In a 5-4 ruling on June 27, the U.S. Supreme Court declared forced union fees violate the First Amendment rights of government workers.
The case, Janus v. AFSCME, is a landmark decision. For decades, government workers in many states were forced to pay fees to government unions as a condition of employment.
Under that system, it didn’t matter whether a government worker thought the union represented him or her well. It didn’t matter whether he or she liked the way the union focused on politics. Public sector employees had to pay fees to their unions or risk losing their jobs.
That changes with the court’s June 27 ruling. The case, brought by Mark Janus, a child support specialist for the state of Illinois, challenged that unconstitutional scheme, arguing that forcing workers to subsidize unions through mandatory fees violates workers’ First Amendment freedom of speech.
The court agreed, ruling that government unions “may no longer extract” fees from “nonconsenting employees.” To do so would violate the First Amendment.
Janus was represented in court by the Illinois Policy Institute’s litigation partner, the Liberty Justice Center, as well as the National Right to Work Legal Defense Foundation.
Government workers will now get to choose for themselves whether they want to financially support their unions.
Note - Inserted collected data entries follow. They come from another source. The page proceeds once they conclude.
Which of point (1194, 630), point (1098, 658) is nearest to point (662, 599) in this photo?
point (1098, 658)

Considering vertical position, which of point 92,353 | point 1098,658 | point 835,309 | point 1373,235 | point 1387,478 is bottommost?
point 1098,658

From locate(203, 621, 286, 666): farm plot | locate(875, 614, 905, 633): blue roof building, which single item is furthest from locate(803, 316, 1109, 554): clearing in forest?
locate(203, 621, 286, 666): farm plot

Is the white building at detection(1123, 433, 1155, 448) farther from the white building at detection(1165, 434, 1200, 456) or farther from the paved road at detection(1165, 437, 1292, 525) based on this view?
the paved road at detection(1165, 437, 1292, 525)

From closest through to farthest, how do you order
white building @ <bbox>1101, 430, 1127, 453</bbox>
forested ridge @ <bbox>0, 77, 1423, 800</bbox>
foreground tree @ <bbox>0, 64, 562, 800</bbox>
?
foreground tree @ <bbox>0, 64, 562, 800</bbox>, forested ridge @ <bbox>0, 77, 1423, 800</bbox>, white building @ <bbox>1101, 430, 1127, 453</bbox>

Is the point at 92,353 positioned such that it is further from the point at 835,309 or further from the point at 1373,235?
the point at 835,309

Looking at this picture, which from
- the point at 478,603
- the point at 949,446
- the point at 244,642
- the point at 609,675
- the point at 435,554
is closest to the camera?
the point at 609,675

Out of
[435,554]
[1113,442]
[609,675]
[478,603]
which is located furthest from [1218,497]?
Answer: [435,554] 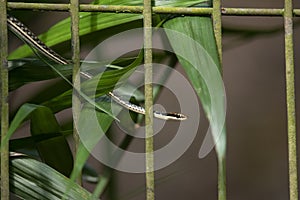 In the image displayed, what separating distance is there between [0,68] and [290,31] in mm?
329

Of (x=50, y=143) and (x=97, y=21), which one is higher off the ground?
(x=97, y=21)

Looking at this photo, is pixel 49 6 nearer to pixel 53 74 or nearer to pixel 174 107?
pixel 53 74

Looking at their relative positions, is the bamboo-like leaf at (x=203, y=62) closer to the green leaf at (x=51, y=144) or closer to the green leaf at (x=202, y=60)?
the green leaf at (x=202, y=60)

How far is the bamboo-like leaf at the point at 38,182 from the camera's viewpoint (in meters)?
0.74

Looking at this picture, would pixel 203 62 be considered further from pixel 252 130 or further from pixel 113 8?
pixel 252 130

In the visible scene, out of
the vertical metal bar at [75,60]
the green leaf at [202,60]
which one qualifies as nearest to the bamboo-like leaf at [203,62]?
the green leaf at [202,60]

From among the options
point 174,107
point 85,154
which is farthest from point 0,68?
point 174,107

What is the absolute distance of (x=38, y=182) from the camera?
2.48 feet

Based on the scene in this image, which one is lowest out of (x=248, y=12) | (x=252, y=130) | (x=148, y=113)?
(x=252, y=130)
But it won’t happen automatically. Workers will likely need to take the affirmative step of opting out of the union in order to see their paychecks affected.
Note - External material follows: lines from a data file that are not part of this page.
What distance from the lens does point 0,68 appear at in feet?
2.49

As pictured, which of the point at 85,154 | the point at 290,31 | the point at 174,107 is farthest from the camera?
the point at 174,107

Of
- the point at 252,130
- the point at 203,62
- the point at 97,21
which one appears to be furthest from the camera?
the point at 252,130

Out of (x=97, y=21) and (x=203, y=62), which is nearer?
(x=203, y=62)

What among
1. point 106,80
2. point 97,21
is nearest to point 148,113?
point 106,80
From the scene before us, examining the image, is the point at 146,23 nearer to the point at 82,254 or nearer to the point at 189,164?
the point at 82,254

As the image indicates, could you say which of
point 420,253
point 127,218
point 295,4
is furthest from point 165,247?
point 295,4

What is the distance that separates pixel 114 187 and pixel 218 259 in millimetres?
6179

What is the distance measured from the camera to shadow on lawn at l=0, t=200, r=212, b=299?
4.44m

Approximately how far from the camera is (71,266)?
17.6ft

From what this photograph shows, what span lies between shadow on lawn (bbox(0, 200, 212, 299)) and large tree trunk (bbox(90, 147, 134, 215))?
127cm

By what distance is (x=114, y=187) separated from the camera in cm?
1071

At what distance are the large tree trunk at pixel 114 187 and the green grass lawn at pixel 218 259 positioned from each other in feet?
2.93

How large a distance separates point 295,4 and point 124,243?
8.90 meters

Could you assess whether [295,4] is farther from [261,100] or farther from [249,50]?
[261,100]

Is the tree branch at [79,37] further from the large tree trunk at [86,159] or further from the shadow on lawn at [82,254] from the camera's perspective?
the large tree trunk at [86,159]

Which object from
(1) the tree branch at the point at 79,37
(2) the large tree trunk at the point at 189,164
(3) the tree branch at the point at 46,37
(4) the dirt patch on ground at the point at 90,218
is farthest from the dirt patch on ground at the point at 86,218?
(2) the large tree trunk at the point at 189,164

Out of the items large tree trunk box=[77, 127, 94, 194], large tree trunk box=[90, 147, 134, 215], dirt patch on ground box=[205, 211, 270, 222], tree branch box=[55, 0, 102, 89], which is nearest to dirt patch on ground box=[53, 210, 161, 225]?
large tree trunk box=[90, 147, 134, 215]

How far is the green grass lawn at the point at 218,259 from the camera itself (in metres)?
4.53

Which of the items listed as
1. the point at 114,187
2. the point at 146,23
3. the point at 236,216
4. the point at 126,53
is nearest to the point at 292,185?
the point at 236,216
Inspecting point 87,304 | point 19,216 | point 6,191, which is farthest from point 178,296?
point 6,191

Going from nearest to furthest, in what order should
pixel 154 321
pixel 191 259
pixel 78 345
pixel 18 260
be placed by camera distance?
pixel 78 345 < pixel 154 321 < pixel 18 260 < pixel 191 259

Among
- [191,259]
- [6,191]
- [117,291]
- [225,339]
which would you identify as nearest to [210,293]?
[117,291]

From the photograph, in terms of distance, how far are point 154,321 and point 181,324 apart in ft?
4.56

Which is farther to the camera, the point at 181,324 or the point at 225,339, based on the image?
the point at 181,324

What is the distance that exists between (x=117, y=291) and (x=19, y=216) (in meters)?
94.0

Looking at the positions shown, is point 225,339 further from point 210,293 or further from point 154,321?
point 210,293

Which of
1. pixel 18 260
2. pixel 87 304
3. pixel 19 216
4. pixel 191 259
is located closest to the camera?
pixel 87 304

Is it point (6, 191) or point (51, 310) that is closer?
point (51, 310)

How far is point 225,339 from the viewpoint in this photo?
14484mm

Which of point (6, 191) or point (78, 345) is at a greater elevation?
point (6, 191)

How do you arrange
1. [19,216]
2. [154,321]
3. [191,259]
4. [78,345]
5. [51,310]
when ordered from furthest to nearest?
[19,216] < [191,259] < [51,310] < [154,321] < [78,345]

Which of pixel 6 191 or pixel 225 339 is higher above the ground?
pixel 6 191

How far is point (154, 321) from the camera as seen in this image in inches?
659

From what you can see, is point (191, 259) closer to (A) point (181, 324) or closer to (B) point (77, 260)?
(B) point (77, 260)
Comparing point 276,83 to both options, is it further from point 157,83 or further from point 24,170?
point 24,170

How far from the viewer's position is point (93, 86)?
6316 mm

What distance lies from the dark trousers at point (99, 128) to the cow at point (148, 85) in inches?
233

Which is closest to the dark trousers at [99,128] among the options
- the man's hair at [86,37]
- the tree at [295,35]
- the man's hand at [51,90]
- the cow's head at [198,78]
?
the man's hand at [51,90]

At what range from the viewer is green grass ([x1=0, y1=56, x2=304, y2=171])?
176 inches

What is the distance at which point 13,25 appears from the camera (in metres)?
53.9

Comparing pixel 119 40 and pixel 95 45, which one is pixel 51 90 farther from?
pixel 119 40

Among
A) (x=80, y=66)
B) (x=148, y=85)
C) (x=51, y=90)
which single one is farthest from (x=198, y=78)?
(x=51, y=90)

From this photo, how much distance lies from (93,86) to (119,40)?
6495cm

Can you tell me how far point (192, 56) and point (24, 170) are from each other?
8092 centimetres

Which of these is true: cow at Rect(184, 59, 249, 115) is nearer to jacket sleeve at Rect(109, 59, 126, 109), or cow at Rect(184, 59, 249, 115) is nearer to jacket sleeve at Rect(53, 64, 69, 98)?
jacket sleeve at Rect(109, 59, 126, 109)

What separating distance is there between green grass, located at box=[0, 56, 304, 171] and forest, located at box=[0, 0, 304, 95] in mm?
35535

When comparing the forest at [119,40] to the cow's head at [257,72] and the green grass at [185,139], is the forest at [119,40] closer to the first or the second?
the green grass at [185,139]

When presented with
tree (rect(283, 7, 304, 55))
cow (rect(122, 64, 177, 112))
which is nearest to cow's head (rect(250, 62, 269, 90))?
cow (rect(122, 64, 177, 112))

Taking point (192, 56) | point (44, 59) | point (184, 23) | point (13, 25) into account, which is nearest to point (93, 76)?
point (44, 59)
Here’s what the case means for government workers – and what it doesn’t mean.
What Janus means: Government workers’ rights to freedom of speech are restored
Janus marks a win for worker freedom across the nation. Government workers’ freedom of speech has been restored.
Approximately 5.5 million workers across 22 states – including around 370,000 government workers in Illinois – now have a choice in whether to pay money to a union.
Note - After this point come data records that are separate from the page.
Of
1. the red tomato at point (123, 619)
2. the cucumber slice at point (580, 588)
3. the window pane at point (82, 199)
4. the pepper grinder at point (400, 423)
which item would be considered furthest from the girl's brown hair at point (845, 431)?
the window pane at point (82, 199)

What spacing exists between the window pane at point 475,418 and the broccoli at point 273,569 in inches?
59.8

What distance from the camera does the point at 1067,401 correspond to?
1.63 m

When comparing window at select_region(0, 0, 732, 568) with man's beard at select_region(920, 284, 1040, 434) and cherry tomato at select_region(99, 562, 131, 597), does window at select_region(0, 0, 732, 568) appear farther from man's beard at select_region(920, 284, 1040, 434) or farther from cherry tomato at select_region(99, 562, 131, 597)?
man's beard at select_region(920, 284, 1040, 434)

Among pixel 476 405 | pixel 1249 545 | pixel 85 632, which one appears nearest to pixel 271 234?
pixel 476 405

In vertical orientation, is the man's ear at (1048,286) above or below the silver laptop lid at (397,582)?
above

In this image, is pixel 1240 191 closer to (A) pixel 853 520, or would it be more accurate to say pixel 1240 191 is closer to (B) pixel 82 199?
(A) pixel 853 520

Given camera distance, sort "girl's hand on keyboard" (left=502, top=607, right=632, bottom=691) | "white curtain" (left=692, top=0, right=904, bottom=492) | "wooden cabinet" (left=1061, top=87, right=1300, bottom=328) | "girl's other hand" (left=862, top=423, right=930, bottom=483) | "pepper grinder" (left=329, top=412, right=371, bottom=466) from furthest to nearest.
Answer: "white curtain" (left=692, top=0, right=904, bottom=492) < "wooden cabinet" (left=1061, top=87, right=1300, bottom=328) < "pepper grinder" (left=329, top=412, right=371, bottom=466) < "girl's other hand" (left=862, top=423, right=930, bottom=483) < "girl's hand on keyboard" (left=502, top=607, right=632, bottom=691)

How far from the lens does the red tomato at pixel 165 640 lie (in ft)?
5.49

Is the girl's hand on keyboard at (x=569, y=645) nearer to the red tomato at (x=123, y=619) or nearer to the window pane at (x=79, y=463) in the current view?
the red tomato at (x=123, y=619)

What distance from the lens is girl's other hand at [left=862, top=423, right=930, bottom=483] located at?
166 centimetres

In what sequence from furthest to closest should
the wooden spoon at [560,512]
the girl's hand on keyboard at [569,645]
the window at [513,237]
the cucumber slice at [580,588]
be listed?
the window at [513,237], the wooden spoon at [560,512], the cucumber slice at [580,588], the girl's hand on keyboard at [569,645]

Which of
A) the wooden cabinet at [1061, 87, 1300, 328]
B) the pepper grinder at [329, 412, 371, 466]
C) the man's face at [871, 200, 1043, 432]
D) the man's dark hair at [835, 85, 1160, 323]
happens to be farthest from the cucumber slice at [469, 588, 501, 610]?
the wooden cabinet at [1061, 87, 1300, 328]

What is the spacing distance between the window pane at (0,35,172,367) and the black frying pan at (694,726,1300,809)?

Teachers, police officers and other government employees no longer have to surrender part of their paycheck to a union simply because they have chosen to serve others by taking a government position.
But Janus is just the beginning.
In order to assert their First Amendment rights affirmed by the court’s decision, government employees who don’t want to be union members or to pay fees to unions may need to affirmatively opt out of their unions and out of fee deduction arrangements. Generally, that includes 1) written notice to the union opting out of membership, and 2) written notice to the government employer that the worker no longer authorizes dues or fees to be taken from his or her paycheck.
These public employees can do this with no effect on their compensation or other benefits – such as overtime or seniority – provided in their collective bargaining agreements.
Workers who have already opted out of their unions – commonly referred to as fair share payers – may not immediately see a change in their paychecks. To best ensure dues or fees are no longer docked, fair share payers should also give written notice to their government employers.
For more information on how to opt out of a government union, visit leavemyunion.com.
What Janus doesn’t mean: The end of government union power in Illinois
Government unions will continue to maintain all other powers afforded them under state law. Collective bargaining itself will not be affected.
Unions will still:
- Receive dues from members
- Maintain a monopoly on representing all workers at the bargaining table
- Bargain over wages, hours and other conditions of employment
- Be able to go on strike as permitted by state law
- Represent workers in grievances against their employers.
And any government workers who want to maintain union membership are free to do so – nothing changes for union members.
The court’s decision simply guarantees that government workers are no longer treated differently than other U.S. residents. They now get a voice and a choice on where their hard-earned money goes.